I notice a large red-nosed jet in the distance, another miraculous invention of ingenuity (even if not quite so scientific baffling as honeybees flying). I am bemused by the view, sipping my coffee as I traverse the freeway with my fellow commuters.
But, this is September 2009. Now the red-nose of the jet seems a bit off, perhaps even macabre. And the plane is banking…is it circling in preparation to land in our arid dessert or is it just taking off and circling to head eastward to greener lands? Or, my heart leaping and respiration rate rising, is it heading for one of the financial towers? Maybe even the old “burning inferno” building that I call my weekday home? Or is my imagination reaching into that spot in the back of my brain that recalls another beautiful September morn in 2001?
The events of September 11, 2001 changed the world in many ways:
§ Good: many of us have made conscious decisions to live more fully in the moment and embody our values by deepening our ties to kith, kin and community.
§ Bad (IMHO): increased vigilante-ism, fear-mongering diatribes overrunning the airwaves, governmental spying on private citizens, increased hatred spewed at immigrants (as though we don’t live in a land of immigrants who killed off most of the first peoples without remorse).

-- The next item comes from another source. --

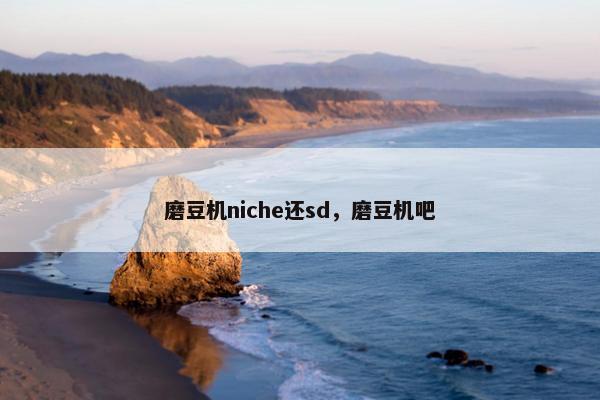 磨豆机niche还sd，磨豆机吧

§ Ugly: the way our innocence balloon has been popped by the needle of fear, changing a beautiful morning moment to one now tinged with apprehension.
I finish my commute, and take the three elevators to my home-away-from-home-sweet-home-cubicle. I read my email, a mixture of business, political updates and oh joy! some updates from friends who are coming to town next week.
I regain my equanimity, and vow, once again, to not live in fear.
May it be so, blessed be, amen, Namaste.